WHAT IS REQUIRED ▸ Among the entries below, which lines run from the line with "mountains under gray" through the line with "Vintage Royal Doulton"? Retype those, both ends included, exactly and without pictures.

Captioned web image data ▸

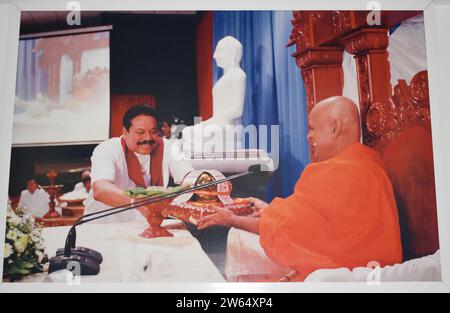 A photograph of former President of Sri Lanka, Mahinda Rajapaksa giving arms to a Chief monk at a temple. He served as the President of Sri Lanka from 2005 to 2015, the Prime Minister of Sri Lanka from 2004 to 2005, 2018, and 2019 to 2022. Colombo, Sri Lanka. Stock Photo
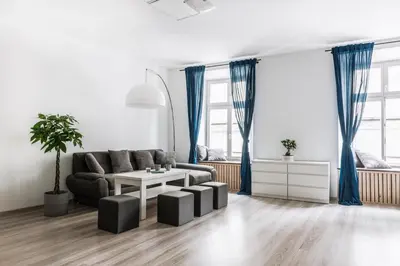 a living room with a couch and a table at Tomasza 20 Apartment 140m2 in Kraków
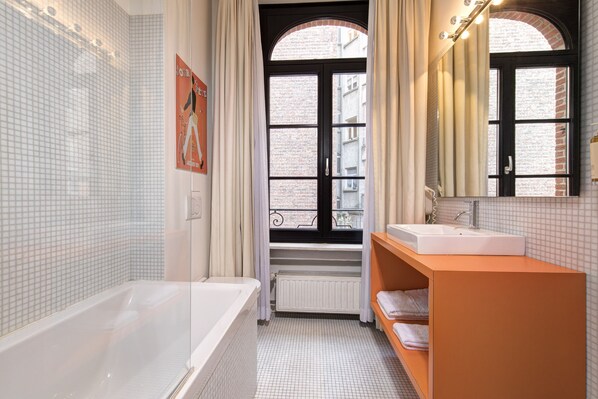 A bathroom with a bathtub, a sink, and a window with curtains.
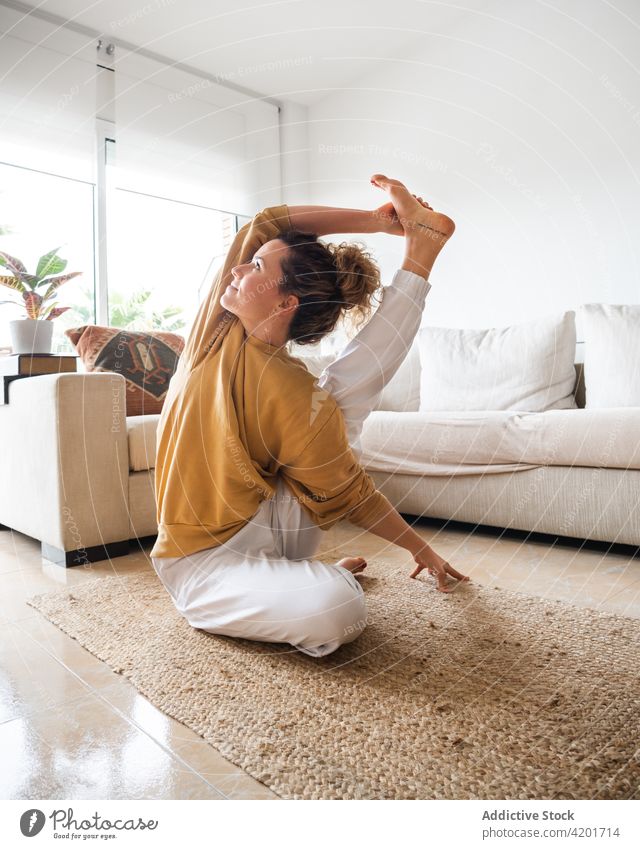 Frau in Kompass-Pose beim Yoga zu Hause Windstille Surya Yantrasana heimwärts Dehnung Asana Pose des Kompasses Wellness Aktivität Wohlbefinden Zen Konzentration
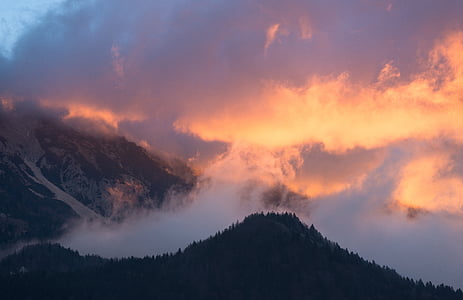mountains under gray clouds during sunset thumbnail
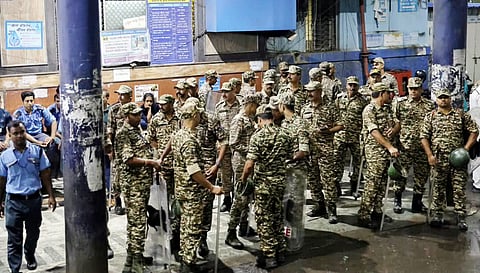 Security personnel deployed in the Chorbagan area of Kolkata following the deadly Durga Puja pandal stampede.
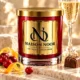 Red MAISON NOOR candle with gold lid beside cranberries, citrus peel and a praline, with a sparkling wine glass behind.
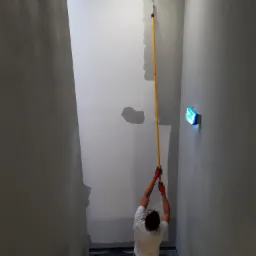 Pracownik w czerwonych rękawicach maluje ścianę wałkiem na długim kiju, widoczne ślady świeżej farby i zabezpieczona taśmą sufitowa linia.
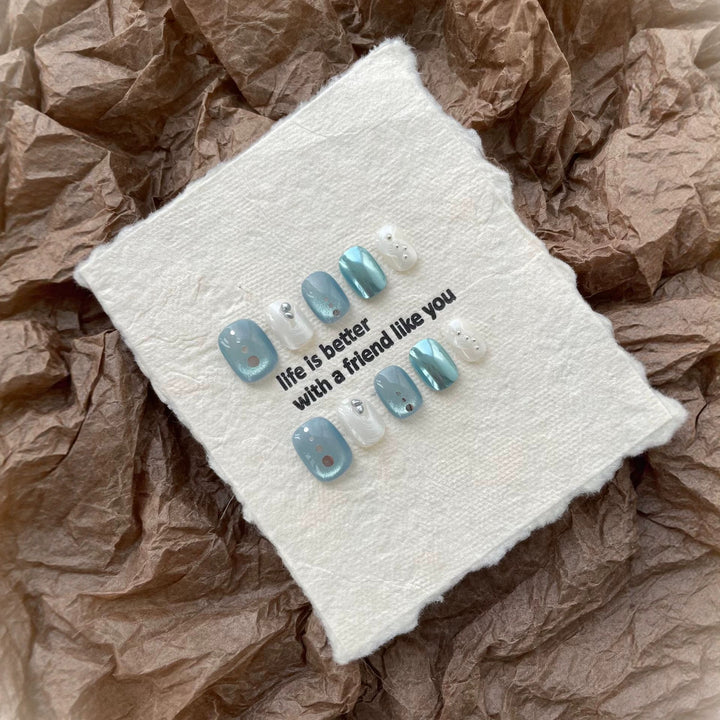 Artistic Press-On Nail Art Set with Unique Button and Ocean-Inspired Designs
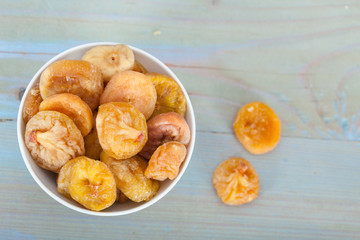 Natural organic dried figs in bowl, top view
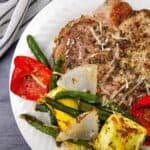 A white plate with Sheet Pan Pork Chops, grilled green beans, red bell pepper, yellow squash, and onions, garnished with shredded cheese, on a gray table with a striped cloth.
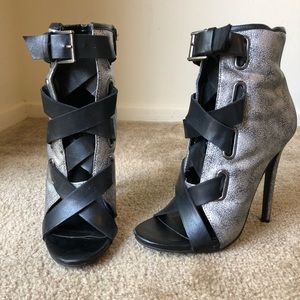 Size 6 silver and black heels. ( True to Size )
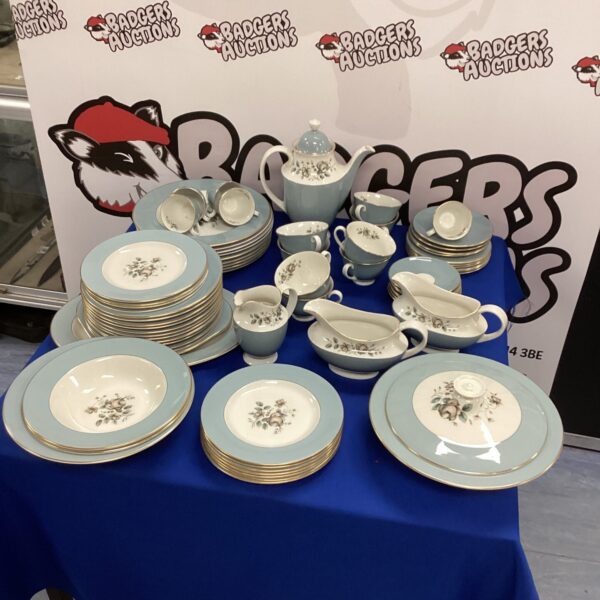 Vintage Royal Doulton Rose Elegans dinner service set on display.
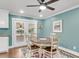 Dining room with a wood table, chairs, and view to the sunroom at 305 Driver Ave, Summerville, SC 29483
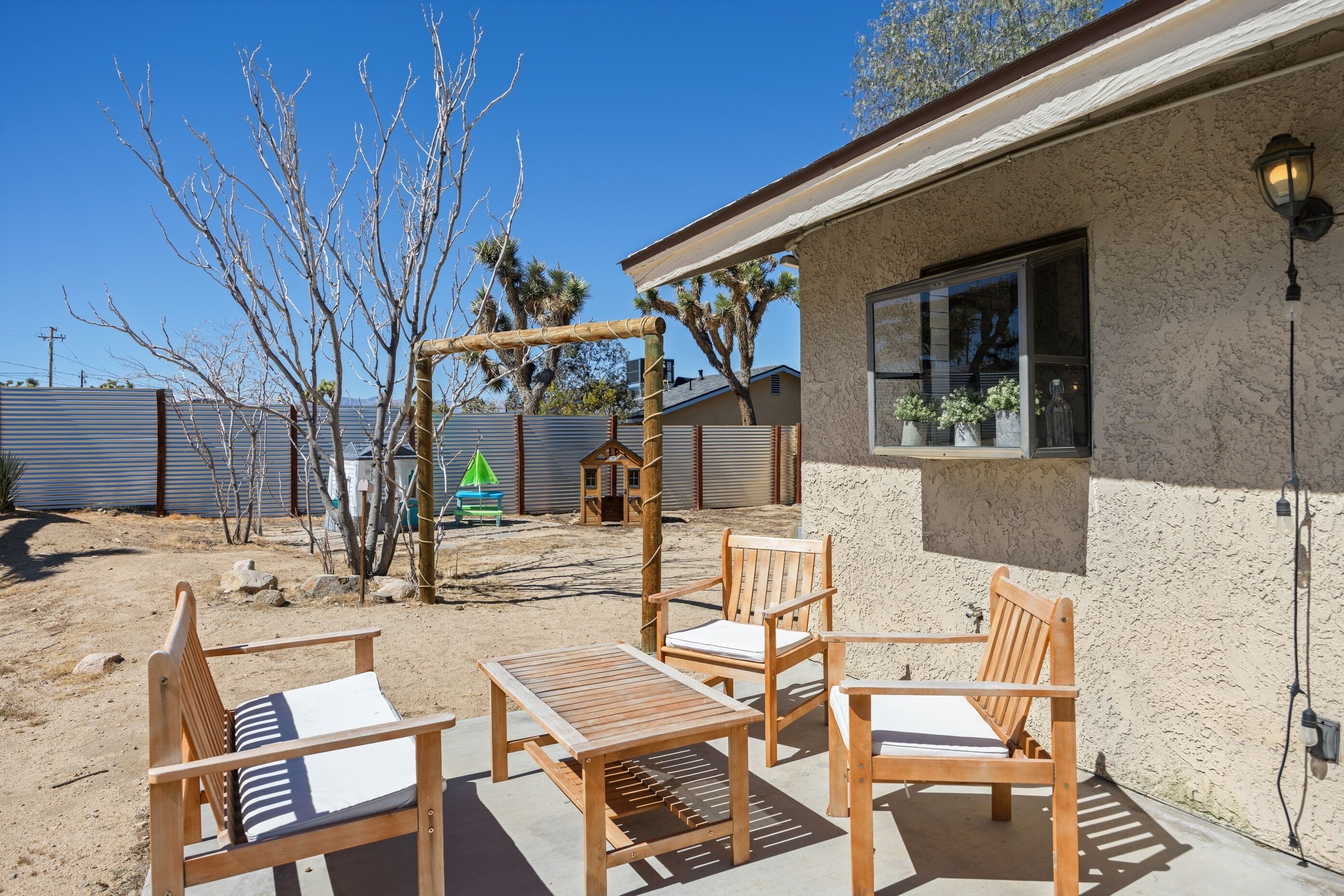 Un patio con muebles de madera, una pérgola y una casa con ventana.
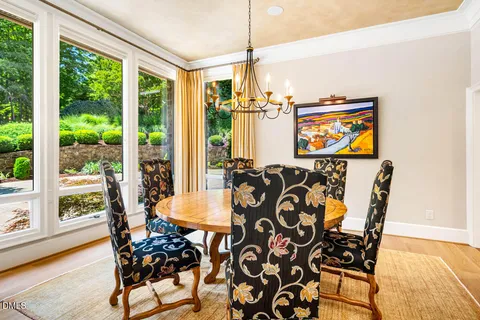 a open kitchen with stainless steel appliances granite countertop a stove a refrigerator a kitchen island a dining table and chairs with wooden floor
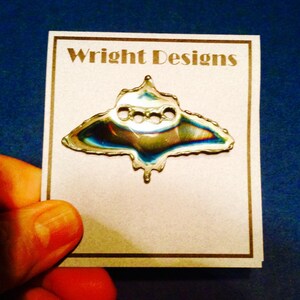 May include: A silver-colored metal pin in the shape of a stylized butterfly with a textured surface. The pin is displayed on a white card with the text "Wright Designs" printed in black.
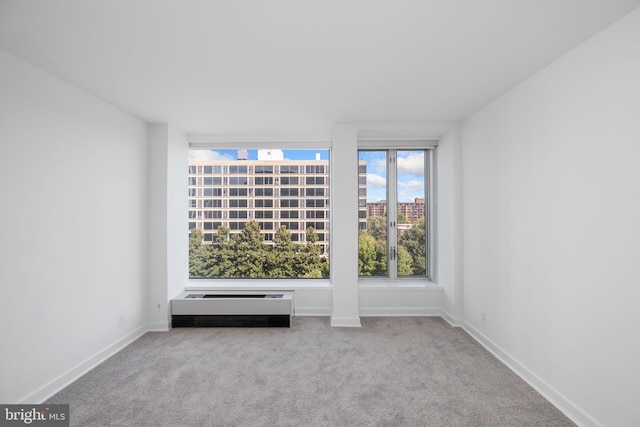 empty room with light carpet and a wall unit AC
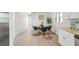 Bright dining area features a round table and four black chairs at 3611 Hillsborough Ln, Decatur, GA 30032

EXPECTED ANSWER ▸
mountains under gray clouds during sunset thumbnail
 Security personnel deployed in the Chorbagan area of Kolkata following the deadly Durga Puja pandal stampede.
 Red MAISON NOOR candle with gold lid beside cranberries, citrus peel and a praline, with a sparkling wine glass behind.
 Pracownik w czerwonych rękawicach maluje ścianę wałkiem na długim kiju, widoczne ślady świeżej farby i zabezpieczona taśmą sufitowa linia.
 Artistic Press-On Nail Art Set with Unique Button and Ocean-Inspired Designs
 Natural organic dried figs in bowl, top view
 A white plate with Sheet Pan Pork Chops, grilled green beans, red bell pepper, yellow squash, and onions, garnished with shredded cheese, on a gray table with a striped cloth.
 Size 6 silver and black heels. ( True to Size )
 Vintage Royal Doulton Rose Elegans dinner service set on display.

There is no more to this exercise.